Several weeks ago I found a website that provided a grid of different airlines and their carry on dimensions. You could type in your carry on and see if it would fit. Of course I forgot to bookmark it, and now I can't find it again. Any suggestions?
I did a Google search using the words "airline carry on size comparison" and found many examples, none of them complete, often mixing and matching inches with centimeters. There are many other ways to search for this concept which appear at the end of the first results page. These are the ones I bookmarked for me. If you see one you recognize here or elsewhere, please post it. I, for one, am interested in this topic, too.
Here we go:
http://www.worldtraveler.com/international-carry-on-size
http://www.skyscanner.net/news/cabin-luggage-guide-hand-baggage-sizes-and-weight-restrictions
http://wikitravel.org/en/Airline_baggage
http://www.travelsmith.com/wcsstore/images/TravelSmith/email/LuggageGuidelines.pdf
http://www.farecompare.com/about/worldwide-baggage-fee-chart/#/
Any of those might be handy if you're shopping for luggage, but reconfirm details with your air carrier if booking a ticket, since details are always subject to change.
Airfare Watchdog has a comparison chart that they usually keep up to date:
[www.airfarewatchdog.com/blog/10460865/airline-carry-on-bag-policies.html]
The first link by Lo, WorldTraveler.com shows the allowable weight for SAS as 8 kg/18 # and for Lufthansa as 8 kg (but nowhere is 17 # mentioned on the Lufthansa website. (Note: 8 kg = 17.6 #). So if you are flying SAS, how do they decide which weight limit applies to whom? Do the Americans get 8.18 kg (18 #) while the European can only take 8 kg?
Lee's query: "Do the Americans get 8.18 kg (18 #) while the European can only take 8 kg?" reminds me of the mathematician-engineer joke.

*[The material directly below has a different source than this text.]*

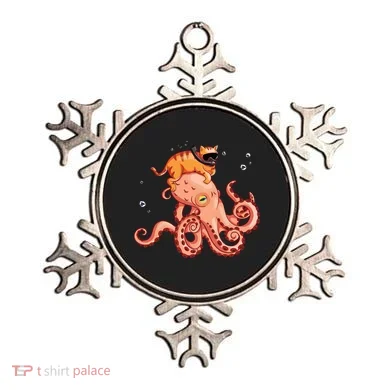 Cat Riding Octopus Funny Ornament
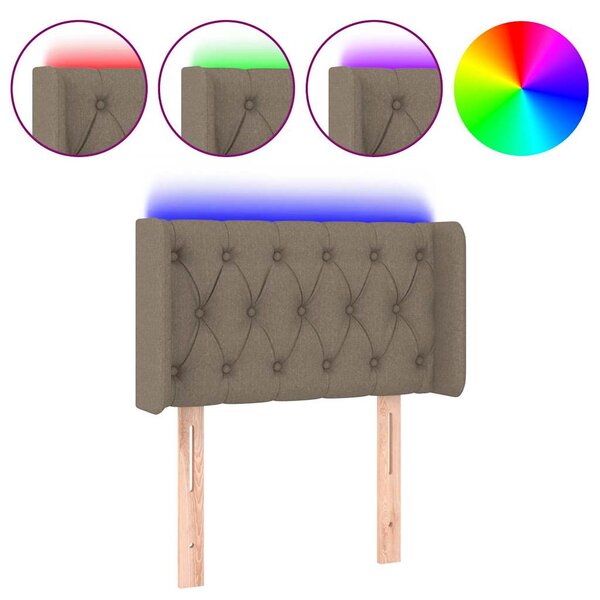 Čelo postele s LED taupe 83 x 16 x 78/88 cm textil 3123550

A mathematician, an engineer, and a physicist were taking a math class together. One day the mathematician and the physicist decided to play a joke on the engineer. They told him that the pretty girl sitting at the back of the room said he could get close to her every time they ringed the bell, but he could only travel half the distance from him to her. So they started ringing the bell and the engineer would travel half the distance, and the mathematician and the physicist were making fun of him. They thought it was really funny. When the engineer was 1/16 the original distance they asked him, “why are you doing this? You do know you are never going to get there right?” And the engineer replied, “I will get close enough for practical purposes.”
Where's the lawyer? Every a ... and a ... and a ... joke must include a lawyer ("who says I'll sue all of you").
Yes, Lee, Americans do get the 18 lbs. It says so on the SAS website:
www.flysas.com/en/us/travel-info/baggage/cabin-baggage
I'm guessing the airline is not run by engineers who need to be precise but by business people who show a little leeway.
It's like those who believe the maximum measurements of soft-sided bags are rigid measurements no matter how they're packed.